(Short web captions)
↓↓↓

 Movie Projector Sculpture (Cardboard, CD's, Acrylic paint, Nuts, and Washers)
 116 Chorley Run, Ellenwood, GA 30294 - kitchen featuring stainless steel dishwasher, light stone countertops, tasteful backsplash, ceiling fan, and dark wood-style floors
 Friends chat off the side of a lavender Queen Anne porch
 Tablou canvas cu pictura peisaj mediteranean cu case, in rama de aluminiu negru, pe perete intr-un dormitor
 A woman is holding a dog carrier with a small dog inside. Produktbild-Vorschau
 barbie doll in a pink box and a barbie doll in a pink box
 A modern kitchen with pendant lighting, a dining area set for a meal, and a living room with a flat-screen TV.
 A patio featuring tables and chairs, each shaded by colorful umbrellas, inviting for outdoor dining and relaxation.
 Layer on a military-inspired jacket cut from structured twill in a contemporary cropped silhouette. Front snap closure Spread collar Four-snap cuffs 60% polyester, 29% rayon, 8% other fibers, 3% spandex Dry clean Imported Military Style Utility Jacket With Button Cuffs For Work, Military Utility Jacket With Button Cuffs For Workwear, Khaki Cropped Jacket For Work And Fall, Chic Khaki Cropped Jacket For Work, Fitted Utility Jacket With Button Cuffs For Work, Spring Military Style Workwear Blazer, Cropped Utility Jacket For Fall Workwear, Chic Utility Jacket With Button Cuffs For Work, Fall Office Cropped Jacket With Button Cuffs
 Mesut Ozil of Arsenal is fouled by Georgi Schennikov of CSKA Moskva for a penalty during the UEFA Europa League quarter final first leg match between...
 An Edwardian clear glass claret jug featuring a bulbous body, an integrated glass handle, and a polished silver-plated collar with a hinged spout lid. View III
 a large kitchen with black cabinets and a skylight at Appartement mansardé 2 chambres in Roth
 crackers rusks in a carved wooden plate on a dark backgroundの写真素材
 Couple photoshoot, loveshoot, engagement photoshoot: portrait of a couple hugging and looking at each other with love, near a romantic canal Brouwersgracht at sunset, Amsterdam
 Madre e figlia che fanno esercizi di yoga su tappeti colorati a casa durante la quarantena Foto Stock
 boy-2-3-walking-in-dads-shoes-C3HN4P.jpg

↑↑↑

**TASK DIRECTIONS**
From the line containing "An Edwardian clear" through the last line of the entries above, print every line exactly, including both ends, and nothing else.

**FINISHED TASK**
 An Edwardian clear glass claret jug featuring a bulbous body, an integrated glass handle, and a polished silver-plated collar with a hinged spout lid. View III
 a large kitchen with black cabinets and a skylight at Appartement mansardé 2 chambres in Roth
 crackers rusks in a carved wooden plate on a dark backgroundの写真素材
 Couple photoshoot, loveshoot, engagement photoshoot: portrait of a couple hugging and looking at each other with love, near a romantic canal Brouwersgracht at sunset, Amsterdam
 Madre e figlia che fanno esercizi di yoga su tappeti colorati a casa durante la quarantena Foto Stock
 boy-2-3-walking-in-dads-shoes-C3HN4P.jpg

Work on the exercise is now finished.